My Grandmother, Doris Anderson, remembered once going into Josie’s room, wanting to play with the toys. Great-great Grandma Kreeger ordered her out of there. The door was shut, and she was told never to go in there again. The accident became something no one ever talked about.
In 1932, the homestead house burned to the ground. The story goes, it was a lightning strike that started the fire. The only things saved from the fire were those dishes I now held in my hands.
“Wow,” I said, inspecting each of the broken pieces. As I looked for the evidence of the fire, I couldn’t help but feel a connection to young Josie. It was such a tragedy in how she died. How my grandparents, who through their grief, lost their passion for life. Each other. I could barely breathe when I whispered my thought out loud, “It was probably a good thing that a fire burned that house down to the ground.”
“What happened after the fire?” I asked, my heart swelling with compassion.
“They bought a house in Drummond,” Mom answered. “Grandpa Kreeger was 79 when he died.

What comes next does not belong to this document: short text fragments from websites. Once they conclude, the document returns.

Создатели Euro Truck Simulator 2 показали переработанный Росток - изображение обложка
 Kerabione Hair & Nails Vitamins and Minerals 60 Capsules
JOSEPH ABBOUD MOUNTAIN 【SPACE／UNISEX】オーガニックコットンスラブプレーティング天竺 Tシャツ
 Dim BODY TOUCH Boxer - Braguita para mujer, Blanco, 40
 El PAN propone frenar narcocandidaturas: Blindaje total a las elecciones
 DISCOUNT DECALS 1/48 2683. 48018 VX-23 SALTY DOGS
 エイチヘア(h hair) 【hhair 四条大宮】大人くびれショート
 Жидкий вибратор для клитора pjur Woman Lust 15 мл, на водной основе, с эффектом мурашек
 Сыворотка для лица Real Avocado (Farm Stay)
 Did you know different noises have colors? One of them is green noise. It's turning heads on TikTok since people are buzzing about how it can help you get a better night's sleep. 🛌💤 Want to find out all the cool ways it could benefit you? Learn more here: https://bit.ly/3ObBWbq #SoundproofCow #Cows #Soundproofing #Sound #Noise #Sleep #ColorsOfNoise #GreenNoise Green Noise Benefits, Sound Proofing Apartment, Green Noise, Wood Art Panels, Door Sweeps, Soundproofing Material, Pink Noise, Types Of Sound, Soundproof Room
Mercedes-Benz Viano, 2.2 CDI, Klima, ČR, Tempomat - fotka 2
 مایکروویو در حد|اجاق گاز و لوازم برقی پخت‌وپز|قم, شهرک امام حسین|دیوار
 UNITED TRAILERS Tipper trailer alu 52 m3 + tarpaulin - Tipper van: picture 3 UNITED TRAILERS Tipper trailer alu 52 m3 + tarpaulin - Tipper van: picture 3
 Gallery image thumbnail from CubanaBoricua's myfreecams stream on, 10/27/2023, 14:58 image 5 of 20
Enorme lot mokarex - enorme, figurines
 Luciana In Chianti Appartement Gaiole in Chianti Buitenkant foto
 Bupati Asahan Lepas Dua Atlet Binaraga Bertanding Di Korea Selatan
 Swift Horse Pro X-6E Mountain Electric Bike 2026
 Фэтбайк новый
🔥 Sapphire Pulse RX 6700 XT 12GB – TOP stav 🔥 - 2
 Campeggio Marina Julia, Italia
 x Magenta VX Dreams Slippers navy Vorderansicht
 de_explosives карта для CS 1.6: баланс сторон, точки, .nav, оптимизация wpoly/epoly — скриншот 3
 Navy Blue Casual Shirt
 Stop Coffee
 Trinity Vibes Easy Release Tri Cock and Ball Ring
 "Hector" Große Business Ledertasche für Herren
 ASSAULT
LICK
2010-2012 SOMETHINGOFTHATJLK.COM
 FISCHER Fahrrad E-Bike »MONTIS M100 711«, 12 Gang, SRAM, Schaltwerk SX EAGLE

After he passed, your Grandma Kreeger started spending the winter months with her Grandchildren’s families.”
“Did Grandma Kreeger ever talk about Josie when she came to stay with you?” I asked. My mother was seven years old the year Grandpa Kreeger died and Grandma Kreeger came to stay with them that first winter.
“No,” Mom answered sadly. “They never really talked about it. They cried, I know that.”
“Did they ever find happiness again?” I asked.
“Oh, I suppose,” Mom answered. “I have good memories of our time together when they’d visit us. They loved to play games, like Chinese checkers, Pinochle, and the card game Smear.”
“It was a horrible accident,” I said, looking down at what was left of Josie’s playset.
“Yes, it was,” Mom answered.
It was time for me to go home, so I started placing each of the porcelain pieces back into the plastic bag. I took extra care to pack away the unbroken tea cup and saucer. It was hard to believe that this little white tea set had been saved by our family for 114 years. Some would say that we’ve been unwilling to let go of a painful memory. But maybe the feel of the toy on our fingertips just reminds us of how precious life is. Just maybe objects like the tea set are what keep us connected to what was good in our past.